Input records below:

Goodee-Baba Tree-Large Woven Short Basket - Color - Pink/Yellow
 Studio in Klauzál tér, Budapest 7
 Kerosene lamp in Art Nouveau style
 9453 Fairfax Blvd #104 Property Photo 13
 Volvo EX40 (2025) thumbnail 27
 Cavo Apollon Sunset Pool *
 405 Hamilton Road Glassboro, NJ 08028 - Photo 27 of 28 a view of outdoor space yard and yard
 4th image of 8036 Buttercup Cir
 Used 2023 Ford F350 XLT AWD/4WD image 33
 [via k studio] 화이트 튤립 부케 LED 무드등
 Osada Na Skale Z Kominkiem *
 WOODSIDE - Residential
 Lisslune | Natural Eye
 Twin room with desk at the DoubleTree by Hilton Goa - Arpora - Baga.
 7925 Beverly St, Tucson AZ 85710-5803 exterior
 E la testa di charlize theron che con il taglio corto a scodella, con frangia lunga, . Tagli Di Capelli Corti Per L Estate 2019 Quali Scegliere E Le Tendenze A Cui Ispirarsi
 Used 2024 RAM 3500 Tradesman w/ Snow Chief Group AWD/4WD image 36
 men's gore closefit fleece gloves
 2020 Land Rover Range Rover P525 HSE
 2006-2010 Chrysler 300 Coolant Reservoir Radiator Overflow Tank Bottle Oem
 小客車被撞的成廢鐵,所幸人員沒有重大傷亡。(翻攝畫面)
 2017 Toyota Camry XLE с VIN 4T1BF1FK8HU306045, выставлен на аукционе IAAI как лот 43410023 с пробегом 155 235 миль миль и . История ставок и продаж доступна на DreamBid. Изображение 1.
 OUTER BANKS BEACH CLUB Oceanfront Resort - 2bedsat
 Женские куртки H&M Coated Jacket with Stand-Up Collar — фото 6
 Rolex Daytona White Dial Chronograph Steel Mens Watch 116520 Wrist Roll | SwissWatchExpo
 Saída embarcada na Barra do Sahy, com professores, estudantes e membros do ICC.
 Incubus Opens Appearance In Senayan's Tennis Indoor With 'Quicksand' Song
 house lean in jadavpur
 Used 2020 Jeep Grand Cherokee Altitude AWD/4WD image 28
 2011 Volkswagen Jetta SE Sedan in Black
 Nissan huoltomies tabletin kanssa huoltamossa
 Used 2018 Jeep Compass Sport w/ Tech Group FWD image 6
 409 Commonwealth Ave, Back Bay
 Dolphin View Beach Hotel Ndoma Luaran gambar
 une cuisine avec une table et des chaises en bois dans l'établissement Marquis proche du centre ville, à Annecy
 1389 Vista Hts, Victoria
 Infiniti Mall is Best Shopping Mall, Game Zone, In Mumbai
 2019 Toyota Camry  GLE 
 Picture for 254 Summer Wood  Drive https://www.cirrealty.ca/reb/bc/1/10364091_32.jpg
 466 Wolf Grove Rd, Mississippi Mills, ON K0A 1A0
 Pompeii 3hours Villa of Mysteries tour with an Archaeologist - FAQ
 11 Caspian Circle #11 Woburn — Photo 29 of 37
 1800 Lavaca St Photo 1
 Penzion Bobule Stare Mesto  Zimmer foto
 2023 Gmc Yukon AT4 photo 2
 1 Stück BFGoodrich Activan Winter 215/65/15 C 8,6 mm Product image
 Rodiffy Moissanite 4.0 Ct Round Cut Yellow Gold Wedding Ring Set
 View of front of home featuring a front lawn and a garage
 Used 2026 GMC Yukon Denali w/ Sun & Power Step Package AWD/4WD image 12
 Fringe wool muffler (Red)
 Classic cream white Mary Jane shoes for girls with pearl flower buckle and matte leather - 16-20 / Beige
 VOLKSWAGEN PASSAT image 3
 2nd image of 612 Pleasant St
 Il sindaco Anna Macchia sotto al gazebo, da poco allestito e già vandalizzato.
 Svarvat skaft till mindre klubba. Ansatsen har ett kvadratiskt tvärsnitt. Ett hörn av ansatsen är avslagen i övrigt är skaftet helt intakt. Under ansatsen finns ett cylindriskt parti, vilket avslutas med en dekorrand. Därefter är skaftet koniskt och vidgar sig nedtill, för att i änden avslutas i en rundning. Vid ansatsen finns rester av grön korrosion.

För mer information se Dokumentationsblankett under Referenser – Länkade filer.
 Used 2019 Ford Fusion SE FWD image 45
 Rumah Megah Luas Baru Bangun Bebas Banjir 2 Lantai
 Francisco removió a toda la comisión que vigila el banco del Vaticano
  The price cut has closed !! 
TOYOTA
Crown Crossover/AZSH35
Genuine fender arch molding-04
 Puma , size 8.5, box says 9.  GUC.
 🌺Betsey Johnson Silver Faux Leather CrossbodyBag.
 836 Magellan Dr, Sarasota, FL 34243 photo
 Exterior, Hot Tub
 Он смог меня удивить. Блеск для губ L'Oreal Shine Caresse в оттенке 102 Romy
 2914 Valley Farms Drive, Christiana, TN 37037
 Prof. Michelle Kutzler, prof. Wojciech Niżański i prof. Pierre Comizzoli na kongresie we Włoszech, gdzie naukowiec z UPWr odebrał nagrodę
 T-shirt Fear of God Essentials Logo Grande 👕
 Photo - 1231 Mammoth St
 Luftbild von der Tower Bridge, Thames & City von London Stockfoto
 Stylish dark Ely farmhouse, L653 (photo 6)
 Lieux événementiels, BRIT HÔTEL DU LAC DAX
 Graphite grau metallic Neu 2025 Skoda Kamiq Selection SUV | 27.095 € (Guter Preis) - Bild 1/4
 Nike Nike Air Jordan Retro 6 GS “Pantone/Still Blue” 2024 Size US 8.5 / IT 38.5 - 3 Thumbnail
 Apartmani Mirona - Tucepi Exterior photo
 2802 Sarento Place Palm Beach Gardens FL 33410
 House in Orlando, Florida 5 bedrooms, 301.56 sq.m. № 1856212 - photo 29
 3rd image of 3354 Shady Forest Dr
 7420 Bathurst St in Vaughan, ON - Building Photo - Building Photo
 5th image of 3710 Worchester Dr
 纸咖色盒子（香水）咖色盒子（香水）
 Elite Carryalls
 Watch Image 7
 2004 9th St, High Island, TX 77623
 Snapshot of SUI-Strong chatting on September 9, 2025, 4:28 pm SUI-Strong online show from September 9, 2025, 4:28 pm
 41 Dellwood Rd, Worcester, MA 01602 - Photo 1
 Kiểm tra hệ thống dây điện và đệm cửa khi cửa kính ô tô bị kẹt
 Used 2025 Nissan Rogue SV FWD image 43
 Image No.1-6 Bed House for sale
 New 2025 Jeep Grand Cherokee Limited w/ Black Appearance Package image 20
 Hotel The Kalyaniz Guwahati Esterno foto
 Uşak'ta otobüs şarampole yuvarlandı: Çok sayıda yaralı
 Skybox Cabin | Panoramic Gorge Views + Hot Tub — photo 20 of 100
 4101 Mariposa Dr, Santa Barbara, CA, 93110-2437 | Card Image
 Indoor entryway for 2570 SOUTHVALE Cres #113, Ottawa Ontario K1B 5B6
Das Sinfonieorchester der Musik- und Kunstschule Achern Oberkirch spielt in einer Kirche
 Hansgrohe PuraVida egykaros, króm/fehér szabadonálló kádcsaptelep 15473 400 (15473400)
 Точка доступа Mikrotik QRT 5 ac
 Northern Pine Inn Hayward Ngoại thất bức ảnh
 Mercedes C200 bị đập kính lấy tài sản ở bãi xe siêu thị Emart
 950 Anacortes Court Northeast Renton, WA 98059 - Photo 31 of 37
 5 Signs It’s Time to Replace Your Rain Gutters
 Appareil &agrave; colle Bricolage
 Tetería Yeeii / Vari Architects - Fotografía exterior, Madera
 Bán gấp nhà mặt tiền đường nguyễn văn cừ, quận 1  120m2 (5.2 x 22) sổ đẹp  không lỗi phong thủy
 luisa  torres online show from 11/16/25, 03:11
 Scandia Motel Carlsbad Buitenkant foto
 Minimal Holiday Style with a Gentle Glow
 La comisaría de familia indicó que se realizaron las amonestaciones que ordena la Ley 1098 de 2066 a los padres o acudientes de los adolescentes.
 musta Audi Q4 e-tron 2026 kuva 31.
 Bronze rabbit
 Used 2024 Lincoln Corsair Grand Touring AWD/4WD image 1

End of Input records.

Using the data above, tally each line in which "Appearance" appears and give the number with no other words.

Written response:
2